Date N To be done Result to discuss Symbol
February 8 0 Introduction and subscription The course schedule Subscribed to the schedule
15 1 Catch up List of participants Catch up the necessary skills
22 2 Set the workflow, schedule, and tools Select your project The project's initial status is set
29 3 Tell about your project. List references, write Abstract, LinkReview. Abstract, Introduction, References in bib-file. Abstract, LinkReview, B*egin-talk
March 7 4 State your problem, generally in Introduction and formally Write the problem statement, and write the basic algorithm description. Introduction with References, Problem statement
14 5 Set goals and plan report of your computational experiment. Run basic code. Write down the results. Goals of the experiment. Basic code, a draft report on the basic algorithm. Ready for the first checkpoint. eXperiment palning, Basic code, Report, cHeck-1
21 6 Run your computational experiment and visualize its results. Code, visual presentation of results. Create a draft of your presentation for 1'30". Code, Visualization, O*ne slide-talk
28 7 Describe the algorithm. The theory and algorithms are in the paper. Theory
April 4 8 Make the error and quality analysis. Finalize the computational experiment. The experiment description with error analysis. Error
11 9 Prepare for the reader the theoretical part and computational experiment. Explain the figures, and write conclusions. Ready to the second checkpoint. The paper draft with the sections Computational experiment and Conclusions. Checkpoint. Document, cHeck-2, M*edium-talk
18 10 Your paper is ready to the peer-review. You published your peer review of your colleague's paper. RevieW
25 11 Finalization. Collect all necessary documents: author's affiliations, review, response, English abstract, references for catalogs, and letter to the editor. The paper and slides are subjects to submit. Journal, Slide-check
May 2 12 Prepare your presentation. Presentation day. Final show

Consultations

  1. The workflow goes around each week, namely, week 0, 1, 2, 3, 4, 5, 6, 7, 8, 9, 10, 11.
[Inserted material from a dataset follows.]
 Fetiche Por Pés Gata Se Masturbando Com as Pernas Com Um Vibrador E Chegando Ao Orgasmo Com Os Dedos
  2. The iterative consultations and delivery of results are highly welcome! Start during the weekends.
  3. The deadline for the last version is Wednesday at 6:00 am. The review goes on Wednesday's working day.
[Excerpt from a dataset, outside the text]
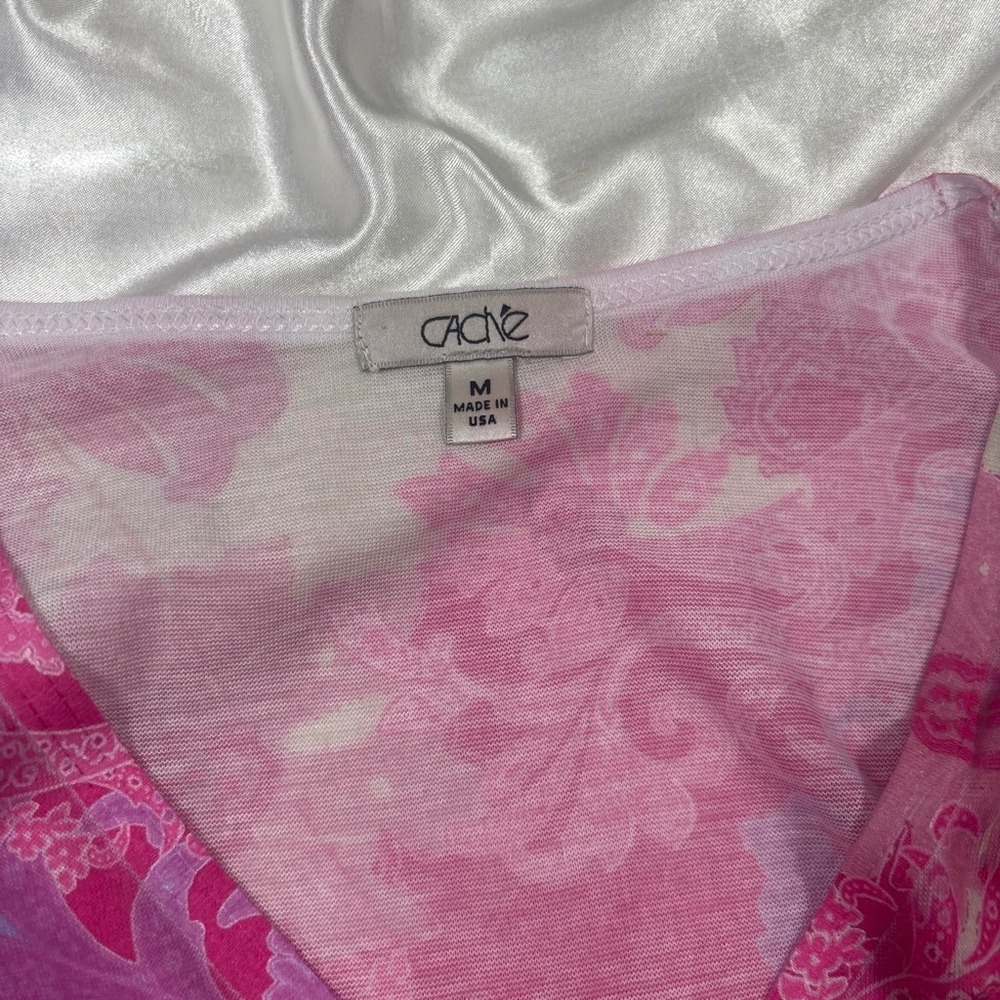 y2k Cache Top Pink Excellent Paisley Rhinestone V-Neck Short Sleeve Shirt - Picture 3 of 4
  4. Each symbol A gives +1 according the system (А-, А, А+). No symbol gives A0.
  5. The scoring comes from the geometric mean of the sum of symbols and the final assessment.

Workload

  1. Student's workload depends on the group and can vary from 54 hours and up.
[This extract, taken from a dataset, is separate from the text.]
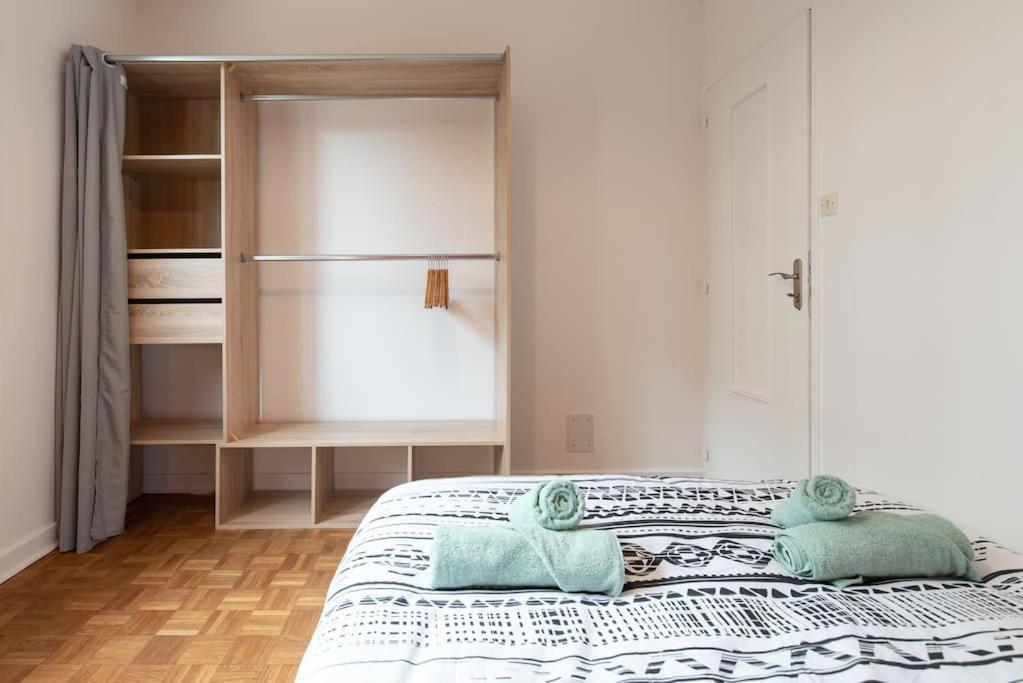 Appartement Renove Pour 6 Avec Parking Вильорбан Екстериор снимка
  2. A consultant is expected to make one-hour meetings weekly and promptly to student's questions. So it takes 12 to 16 hours.
  3. An expert is expected to state the problem and evaluate the delivery. It takes one-hour maximum. And we guess researchers are ready to discuss their favorite problems. It creates a negative workload: for a problem the expert solves as a daily routine, some delivery appears after several months of synchronized work. The quality of the stated problem matters.